Visualization wise, it can be immensely helpful to be familiar with data visualization tools like ggplot and d3.js. It is important to not just be familiar with the tools necessary to visualize data, but also the principles behind visually encoding data and communicating information.
Knowledge of a particular domain is also demanded by clients. In a long-term point of view, it’s suggested that you start building knowledge in a domain of your own interest well before you embark on your career. It helps in connecting analysis with the business decisions and consequences there by providing value to the client.
Machine learning is a method of data analysis that automates analytical model building. Using algorithms that iteratively learn from data, machine learning allows computers to find hidden insights without being explicitly programmed where to look. Online recommendation offers such as those from Amazon and Netflix are examples of machine learning applications.

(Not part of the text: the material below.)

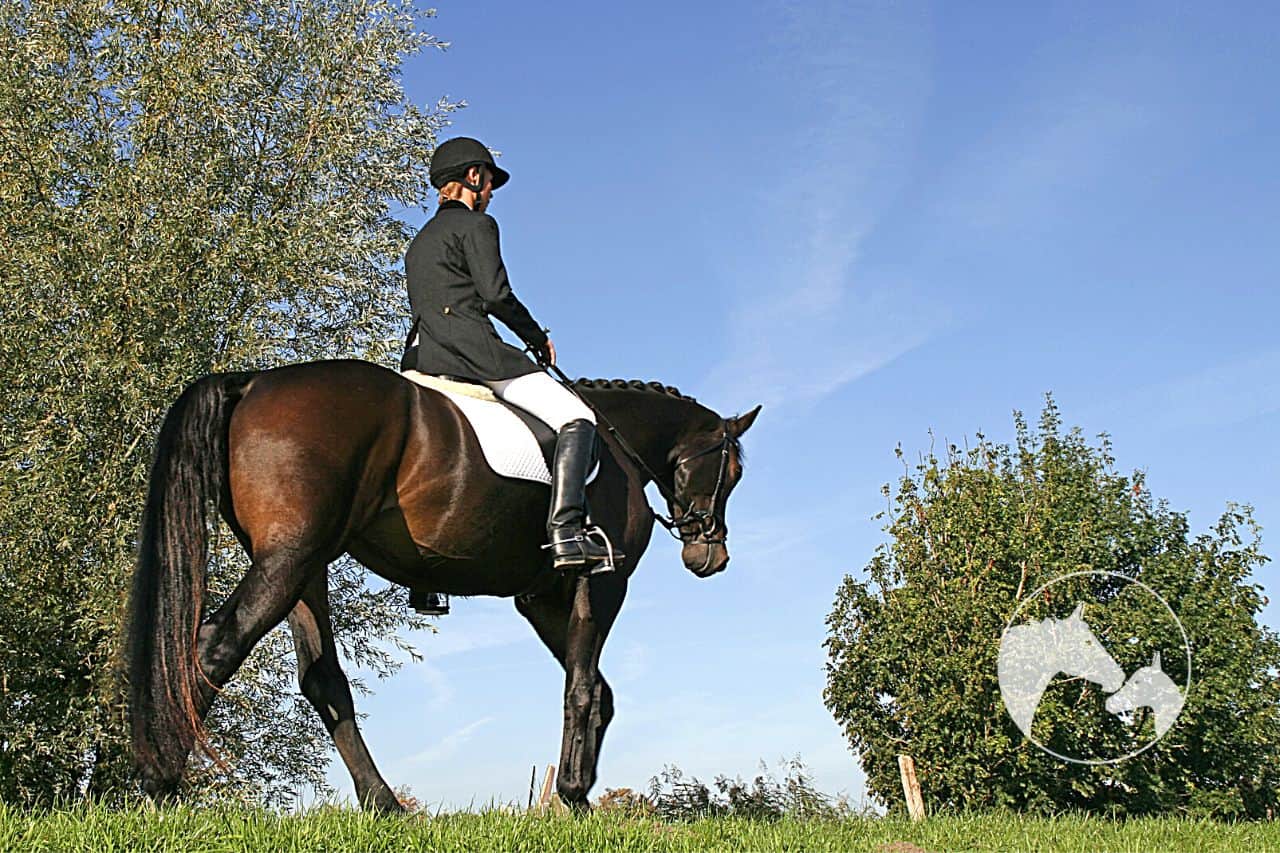 correct hand position for horse riding Frequently Asked Questions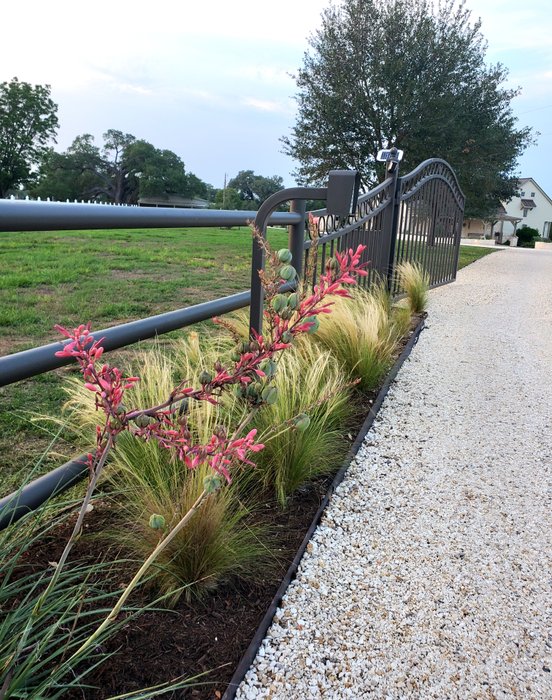 Leander home entry with native plants and walkway lighting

A data science manager will know the basic machine learning techniques like regression, clustering, SVM
, decision trees, etc. They will also understand how these concepts are applied to real world big data problems.
Now, let’s see how data science savvy mangers use these skills to find solutions to business problems.
Who are the most profitable customers?
If “profitable” can be defined clearly based on existing data, this is a straightforward database query. SQL could be used to retrieve a set of customer records from a database. The results could be sorted by cumulative transaction amount, or some other operational indicator of profitability.
Is there really a difference between the profitable customers and the average customer?
This is a question about a conjecture or hypothesis (in this case, “There is a difference in value to the company between the profitable customers and the average customer”), and statistical hypothesis testing would be used to confirm or disconfirm it. Statistical analysis could also derive a probability or confidence bound that the difference was real. Typically, the result would be like: “The value of these profitable customers is significantly different from that of the average customer, with probability < 5% that this is due to random chance.”
But who really are these customers? Can I characterize them?
Data analytics mangers would like to do more than just list out the profitable customers. They would like to describe the common characteristics of profitable customers. The characteristics of individual customers can be extracted from a database using techniques such as database querying, which also can be used to generate summary statistics. A deeper analysis should involve determining what characteristics differentiate profitable customers from unprofitable ones
Will some particular new customer be profitable? How much revenue should I expect this customer to generate?
These questions could be addressed by data mining techniques that examine historical customer records and produce predictive models of profitability. Such techniques would generate models from historical data that could then be applied to new customers to generate predictions.
Data informs every element of a modern business. Data science savvy mangers employ a structured approach to solve any business problem, they state hypotheses, seek relevant data, run analyses and build models to test the hypotheses, and present a recommendation.
You should also know how these skills are applied to real world business problems. The best way to understand how these skills are used to solve real world business problems is to work through many examples of the application of data science to business problems
. Read case studies that actually walk through the data mining process.
Actually mining data is helpful, but even more important is working through the connection between the business problem and the possible data science solutions. The more, different problems you work through, the better you will be at naturally seeing and capitalizing on opportunities for bringing to bear the information and knowledge “stored” in the data—often the same problem formulation from one problem can be applied by analogy to another, with only minor changes.